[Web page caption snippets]
[Start of Attachment]

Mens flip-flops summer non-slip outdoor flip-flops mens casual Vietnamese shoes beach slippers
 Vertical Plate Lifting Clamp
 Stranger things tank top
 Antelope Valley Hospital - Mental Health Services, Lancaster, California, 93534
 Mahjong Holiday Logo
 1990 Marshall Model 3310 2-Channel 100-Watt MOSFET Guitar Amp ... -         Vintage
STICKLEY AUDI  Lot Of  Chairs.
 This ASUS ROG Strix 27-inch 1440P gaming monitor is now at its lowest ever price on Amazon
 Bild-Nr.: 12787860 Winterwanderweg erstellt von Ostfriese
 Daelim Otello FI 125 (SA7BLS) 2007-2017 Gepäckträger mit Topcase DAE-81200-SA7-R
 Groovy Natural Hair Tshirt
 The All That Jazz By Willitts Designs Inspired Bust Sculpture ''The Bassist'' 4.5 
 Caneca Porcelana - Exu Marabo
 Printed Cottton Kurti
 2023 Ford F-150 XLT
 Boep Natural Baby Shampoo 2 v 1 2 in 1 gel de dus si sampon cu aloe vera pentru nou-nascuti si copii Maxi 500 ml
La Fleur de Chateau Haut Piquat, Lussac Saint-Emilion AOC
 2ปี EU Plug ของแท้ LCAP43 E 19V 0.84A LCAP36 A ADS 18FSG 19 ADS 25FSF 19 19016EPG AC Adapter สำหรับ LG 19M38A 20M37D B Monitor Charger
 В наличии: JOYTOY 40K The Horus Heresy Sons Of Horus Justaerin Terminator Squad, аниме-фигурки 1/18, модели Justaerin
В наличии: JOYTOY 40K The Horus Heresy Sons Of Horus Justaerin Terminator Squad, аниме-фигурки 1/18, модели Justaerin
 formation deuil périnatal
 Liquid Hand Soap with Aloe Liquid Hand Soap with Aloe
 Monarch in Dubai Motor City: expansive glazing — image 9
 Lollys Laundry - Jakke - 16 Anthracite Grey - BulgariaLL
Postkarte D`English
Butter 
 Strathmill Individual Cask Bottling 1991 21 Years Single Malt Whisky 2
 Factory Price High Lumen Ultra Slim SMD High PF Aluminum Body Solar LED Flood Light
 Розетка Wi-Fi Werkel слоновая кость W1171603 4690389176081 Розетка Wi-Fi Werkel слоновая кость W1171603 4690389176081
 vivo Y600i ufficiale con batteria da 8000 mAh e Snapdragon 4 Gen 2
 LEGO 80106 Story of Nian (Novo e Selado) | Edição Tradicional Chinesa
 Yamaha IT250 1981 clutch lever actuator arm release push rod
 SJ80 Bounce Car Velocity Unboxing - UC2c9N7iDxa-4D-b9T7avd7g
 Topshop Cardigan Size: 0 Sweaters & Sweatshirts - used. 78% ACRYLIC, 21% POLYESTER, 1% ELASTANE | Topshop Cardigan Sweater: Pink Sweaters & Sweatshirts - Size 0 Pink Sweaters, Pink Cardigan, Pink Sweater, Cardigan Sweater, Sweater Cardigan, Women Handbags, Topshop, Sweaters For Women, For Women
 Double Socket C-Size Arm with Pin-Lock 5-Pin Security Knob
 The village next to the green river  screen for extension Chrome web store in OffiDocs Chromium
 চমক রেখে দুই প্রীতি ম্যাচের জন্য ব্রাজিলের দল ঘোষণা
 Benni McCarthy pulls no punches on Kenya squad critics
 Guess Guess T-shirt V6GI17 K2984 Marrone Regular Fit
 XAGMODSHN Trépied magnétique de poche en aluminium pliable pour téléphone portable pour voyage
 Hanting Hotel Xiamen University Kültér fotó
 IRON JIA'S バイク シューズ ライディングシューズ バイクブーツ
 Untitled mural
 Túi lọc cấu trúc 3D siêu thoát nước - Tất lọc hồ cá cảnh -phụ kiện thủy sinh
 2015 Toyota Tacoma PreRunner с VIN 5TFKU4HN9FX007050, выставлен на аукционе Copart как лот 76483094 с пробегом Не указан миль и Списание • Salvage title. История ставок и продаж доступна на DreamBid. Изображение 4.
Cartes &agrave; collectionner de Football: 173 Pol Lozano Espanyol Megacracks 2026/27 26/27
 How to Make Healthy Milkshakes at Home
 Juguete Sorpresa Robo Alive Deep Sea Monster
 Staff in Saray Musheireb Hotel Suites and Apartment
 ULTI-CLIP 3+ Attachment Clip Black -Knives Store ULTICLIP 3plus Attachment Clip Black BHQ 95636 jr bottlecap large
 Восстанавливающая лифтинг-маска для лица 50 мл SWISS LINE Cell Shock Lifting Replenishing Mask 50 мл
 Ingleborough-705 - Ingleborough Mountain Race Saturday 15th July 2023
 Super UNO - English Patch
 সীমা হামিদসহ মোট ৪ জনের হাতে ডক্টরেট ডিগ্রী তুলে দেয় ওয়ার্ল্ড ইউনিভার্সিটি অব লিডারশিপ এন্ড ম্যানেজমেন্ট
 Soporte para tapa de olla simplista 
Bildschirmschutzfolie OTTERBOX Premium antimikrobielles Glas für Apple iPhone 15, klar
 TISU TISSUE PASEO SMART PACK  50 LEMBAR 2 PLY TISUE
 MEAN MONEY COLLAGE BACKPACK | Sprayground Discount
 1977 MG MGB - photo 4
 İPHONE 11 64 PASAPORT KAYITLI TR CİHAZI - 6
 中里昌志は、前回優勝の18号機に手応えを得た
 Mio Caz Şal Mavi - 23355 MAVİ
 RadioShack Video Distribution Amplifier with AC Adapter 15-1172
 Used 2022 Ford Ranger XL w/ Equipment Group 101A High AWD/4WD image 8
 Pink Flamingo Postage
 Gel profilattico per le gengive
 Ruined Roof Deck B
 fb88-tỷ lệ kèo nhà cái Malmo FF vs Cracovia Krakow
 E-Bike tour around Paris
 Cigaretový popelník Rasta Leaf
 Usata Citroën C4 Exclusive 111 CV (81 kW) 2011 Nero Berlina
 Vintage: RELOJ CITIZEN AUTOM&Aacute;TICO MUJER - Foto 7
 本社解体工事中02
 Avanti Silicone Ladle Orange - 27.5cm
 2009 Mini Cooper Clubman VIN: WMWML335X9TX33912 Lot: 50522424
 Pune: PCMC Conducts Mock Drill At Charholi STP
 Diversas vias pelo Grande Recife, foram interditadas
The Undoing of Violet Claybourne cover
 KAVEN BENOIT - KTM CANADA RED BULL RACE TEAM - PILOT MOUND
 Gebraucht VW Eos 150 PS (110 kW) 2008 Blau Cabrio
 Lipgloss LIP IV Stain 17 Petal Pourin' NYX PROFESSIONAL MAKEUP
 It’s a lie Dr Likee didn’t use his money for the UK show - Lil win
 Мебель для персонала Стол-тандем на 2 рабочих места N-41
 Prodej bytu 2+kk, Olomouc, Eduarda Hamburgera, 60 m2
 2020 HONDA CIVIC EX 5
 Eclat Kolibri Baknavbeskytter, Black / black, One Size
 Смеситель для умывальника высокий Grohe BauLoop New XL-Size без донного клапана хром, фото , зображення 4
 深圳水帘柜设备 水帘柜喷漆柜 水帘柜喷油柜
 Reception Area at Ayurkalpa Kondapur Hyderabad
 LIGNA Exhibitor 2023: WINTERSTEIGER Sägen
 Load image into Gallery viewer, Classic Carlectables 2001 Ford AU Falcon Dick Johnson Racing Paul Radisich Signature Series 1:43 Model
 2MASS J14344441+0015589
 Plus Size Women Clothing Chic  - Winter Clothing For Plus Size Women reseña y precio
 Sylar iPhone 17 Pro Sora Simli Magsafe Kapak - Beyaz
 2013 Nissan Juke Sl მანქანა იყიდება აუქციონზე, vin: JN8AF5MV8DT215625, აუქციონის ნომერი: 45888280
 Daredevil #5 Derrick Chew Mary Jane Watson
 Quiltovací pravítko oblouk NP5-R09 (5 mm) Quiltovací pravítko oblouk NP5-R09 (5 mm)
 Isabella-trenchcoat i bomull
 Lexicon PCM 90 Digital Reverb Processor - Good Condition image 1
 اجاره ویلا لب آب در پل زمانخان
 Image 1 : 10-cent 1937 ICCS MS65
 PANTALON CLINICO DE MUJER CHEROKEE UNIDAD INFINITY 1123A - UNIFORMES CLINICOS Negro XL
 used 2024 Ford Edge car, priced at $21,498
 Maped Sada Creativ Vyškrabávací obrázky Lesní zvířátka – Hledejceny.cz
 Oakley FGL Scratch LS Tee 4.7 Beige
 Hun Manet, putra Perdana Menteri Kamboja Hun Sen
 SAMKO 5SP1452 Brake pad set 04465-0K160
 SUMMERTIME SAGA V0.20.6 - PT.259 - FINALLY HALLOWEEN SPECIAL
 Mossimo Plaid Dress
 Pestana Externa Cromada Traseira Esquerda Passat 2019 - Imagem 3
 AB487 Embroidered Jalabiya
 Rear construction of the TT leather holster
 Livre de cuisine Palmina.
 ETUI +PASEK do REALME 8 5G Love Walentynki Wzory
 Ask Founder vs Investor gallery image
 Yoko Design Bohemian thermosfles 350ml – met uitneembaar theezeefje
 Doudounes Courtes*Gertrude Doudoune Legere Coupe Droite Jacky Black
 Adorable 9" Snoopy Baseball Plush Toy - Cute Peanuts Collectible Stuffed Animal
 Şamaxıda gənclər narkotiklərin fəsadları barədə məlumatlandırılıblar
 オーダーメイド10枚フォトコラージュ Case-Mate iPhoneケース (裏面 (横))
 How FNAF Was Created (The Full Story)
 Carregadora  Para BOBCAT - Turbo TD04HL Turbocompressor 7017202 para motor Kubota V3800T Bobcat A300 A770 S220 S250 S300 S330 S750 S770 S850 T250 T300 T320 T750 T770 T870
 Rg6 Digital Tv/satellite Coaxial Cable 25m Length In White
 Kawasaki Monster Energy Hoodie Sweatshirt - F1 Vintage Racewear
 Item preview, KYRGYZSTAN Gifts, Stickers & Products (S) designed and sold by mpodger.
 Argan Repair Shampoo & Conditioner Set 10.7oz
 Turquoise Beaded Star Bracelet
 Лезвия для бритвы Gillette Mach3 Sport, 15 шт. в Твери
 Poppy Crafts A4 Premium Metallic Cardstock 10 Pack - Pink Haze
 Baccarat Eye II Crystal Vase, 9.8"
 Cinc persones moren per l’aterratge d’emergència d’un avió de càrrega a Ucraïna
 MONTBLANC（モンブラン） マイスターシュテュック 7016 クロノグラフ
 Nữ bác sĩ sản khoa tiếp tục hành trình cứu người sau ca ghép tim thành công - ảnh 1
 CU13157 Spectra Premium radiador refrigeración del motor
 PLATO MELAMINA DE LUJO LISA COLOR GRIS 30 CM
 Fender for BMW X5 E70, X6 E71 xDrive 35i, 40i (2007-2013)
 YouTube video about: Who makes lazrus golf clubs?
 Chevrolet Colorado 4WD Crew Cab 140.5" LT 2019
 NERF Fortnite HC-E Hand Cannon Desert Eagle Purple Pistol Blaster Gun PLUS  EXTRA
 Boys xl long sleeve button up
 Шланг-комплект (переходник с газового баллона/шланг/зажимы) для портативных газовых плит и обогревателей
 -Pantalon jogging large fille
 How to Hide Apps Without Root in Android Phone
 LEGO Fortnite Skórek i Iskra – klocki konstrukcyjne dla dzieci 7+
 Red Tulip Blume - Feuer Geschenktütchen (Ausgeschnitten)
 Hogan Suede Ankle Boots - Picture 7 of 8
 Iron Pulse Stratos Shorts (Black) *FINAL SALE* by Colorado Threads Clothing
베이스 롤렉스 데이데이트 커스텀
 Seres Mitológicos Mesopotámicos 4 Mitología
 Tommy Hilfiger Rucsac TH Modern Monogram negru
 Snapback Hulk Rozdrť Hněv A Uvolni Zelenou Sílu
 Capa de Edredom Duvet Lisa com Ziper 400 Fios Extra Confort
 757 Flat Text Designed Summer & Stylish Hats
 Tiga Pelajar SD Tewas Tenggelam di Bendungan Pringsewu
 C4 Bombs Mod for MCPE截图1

[End of Attachment]

**Task item**
Each line from the top of the records above through the line containing "2023 Ford F-150 XLT" needs to be transcribed exactly, and no line after it.

**Response below**
Mens flip-flops summer non-slip outdoor flip-flops mens casual Vietnamese shoes beach slippers
 Vertical Plate Lifting Clamp
 Stranger things tank top
 Antelope Valley Hospital - Mental Health Services, Lancaster, California, 93534
 Mahjong Holiday Logo
 1990 Marshall Model 3310 2-Channel 100-Watt MOSFET Guitar Amp ... -         Vintage
STICKLEY AUDI  Lot Of  Chairs.
 This ASUS ROG Strix 27-inch 1440P gaming monitor is now at its lowest ever price on Amazon
 Bild-Nr.: 12787860 Winterwanderweg erstellt von Ostfriese
 Daelim Otello FI 125 (SA7BLS) 2007-2017 Gepäckträger mit Topcase DAE-81200-SA7-R
 Groovy Natural Hair Tshirt
 The All That Jazz By Willitts Designs Inspired Bust Sculpture ''The Bassist'' 4.5 
 Caneca Porcelana - Exu Marabo
 Printed Cottton Kurti
 2023 Ford F-150 XLT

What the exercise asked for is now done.